■ Task prompt: Line by line, copy the material below exactly as given.
────────────────────
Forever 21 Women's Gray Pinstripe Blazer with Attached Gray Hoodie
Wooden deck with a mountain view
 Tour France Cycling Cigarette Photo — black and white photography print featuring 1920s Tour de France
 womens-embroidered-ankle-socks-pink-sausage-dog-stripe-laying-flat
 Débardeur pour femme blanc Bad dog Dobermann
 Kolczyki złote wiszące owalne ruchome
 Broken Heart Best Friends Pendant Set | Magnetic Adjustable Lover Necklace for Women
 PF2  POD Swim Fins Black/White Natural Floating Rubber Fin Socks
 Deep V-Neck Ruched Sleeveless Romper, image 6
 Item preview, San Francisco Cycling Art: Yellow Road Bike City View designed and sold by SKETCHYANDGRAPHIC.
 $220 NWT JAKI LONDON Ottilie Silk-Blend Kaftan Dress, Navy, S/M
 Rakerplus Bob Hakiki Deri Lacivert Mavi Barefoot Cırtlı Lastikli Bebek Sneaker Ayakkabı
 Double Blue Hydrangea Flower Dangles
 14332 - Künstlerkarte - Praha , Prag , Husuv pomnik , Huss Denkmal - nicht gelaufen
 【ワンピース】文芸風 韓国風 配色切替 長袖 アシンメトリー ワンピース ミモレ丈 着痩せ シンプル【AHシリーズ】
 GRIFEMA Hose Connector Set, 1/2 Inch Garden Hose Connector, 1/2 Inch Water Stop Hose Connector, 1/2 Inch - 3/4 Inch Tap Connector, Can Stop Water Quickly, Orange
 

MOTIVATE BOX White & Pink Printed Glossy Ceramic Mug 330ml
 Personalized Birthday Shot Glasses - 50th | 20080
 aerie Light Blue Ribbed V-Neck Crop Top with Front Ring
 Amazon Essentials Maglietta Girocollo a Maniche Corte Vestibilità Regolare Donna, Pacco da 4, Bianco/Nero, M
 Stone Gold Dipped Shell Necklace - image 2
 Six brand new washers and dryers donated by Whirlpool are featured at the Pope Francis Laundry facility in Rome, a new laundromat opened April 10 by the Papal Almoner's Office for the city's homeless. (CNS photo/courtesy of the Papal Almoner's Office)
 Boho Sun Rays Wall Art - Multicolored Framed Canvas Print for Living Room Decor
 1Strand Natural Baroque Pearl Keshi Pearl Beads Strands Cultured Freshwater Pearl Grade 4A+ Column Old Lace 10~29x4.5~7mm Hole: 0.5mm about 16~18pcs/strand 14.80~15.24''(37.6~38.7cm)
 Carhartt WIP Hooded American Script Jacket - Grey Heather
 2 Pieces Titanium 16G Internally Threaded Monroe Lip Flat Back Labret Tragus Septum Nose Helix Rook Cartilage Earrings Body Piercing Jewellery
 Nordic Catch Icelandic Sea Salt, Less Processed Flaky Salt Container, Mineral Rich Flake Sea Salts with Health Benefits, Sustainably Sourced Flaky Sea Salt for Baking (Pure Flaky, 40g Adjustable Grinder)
────────────────────
■ Solution below:
Forever 21 Women's Gray Pinstripe Blazer with Attached Gray Hoodie
Wooden deck with a mountain view
 Tour France Cycling Cigarette Photo — black and white photography print featuring 1920s Tour de France
 womens-embroidered-ankle-socks-pink-sausage-dog-stripe-laying-flat
 Débardeur pour femme blanc Bad dog Dobermann
 Kolczyki złote wiszące owalne ruchome
 Broken Heart Best Friends Pendant Set | Magnetic Adjustable Lover Necklace for Women
 PF2  POD Swim Fins Black/White Natural Floating Rubber Fin Socks
 Deep V-Neck Ruched Sleeveless Romper, image 6
 Item preview, San Francisco Cycling Art: Yellow Road Bike City View designed and sold by SKETCHYANDGRAPHIC.
 $220 NWT JAKI LONDON Ottilie Silk-Blend Kaftan Dress, Navy, S/M
 Rakerplus Bob Hakiki Deri Lacivert Mavi Barefoot Cırtlı Lastikli Bebek Sneaker Ayakkabı
 Double Blue Hydrangea Flower Dangles
 14332 - Künstlerkarte - Praha , Prag , Husuv pomnik , Huss Denkmal - nicht gelaufen
 【ワンピース】文芸風 韓国風 配色切替 長袖 アシンメトリー ワンピース ミモレ丈 着痩せ シンプル【AHシリーズ】
 GRIFEMA Hose Connector Set, 1/2 Inch Garden Hose Connector, 1/2 Inch Water Stop Hose Connector, 1/2 Inch - 3/4 Inch Tap Connector, Can Stop Water Quickly, Orange
 

MOTIVATE BOX White & Pink Printed Glossy Ceramic Mug 330ml
 Personalized Birthday Shot Glasses - 50th | 20080
 aerie Light Blue Ribbed V-Neck Crop Top with Front Ring
 Amazon Essentials Maglietta Girocollo a Maniche Corte Vestibilità Regolare Donna, Pacco da 4, Bianco/Nero, M
 Stone Gold Dipped Shell Necklace - image 2
 Six brand new washers and dryers donated by Whirlpool are featured at the Pope Francis Laundry facility in Rome, a new laundromat opened April 10 by the Papal Almoner's Office for the city's homeless. (CNS photo/courtesy of the Papal Almoner's Office)
 Boho Sun Rays Wall Art - Multicolored Framed Canvas Print for Living Room Decor
 1Strand Natural Baroque Pearl Keshi Pearl Beads Strands Cultured Freshwater Pearl Grade 4A+ Column Old Lace 10~29x4.5~7mm Hole: 0.5mm about 16~18pcs/strand 14.80~15.24''(37.6~38.7cm)
 Carhartt WIP Hooded American Script Jacket - Grey Heather
 2 Pieces Titanium 16G Internally Threaded Monroe Lip Flat Back Labret Tragus Septum Nose Helix Rook Cartilage Earrings Body Piercing Jewellery
 Nordic Catch Icelandic Sea Salt, Less Processed Flaky Salt Container, Mineral Rich Flake Sea Salts with Health Benefits, Sustainably Sourced Flaky Sea Salt for Baking (Pure Flaky, 40g Adjustable Grinder)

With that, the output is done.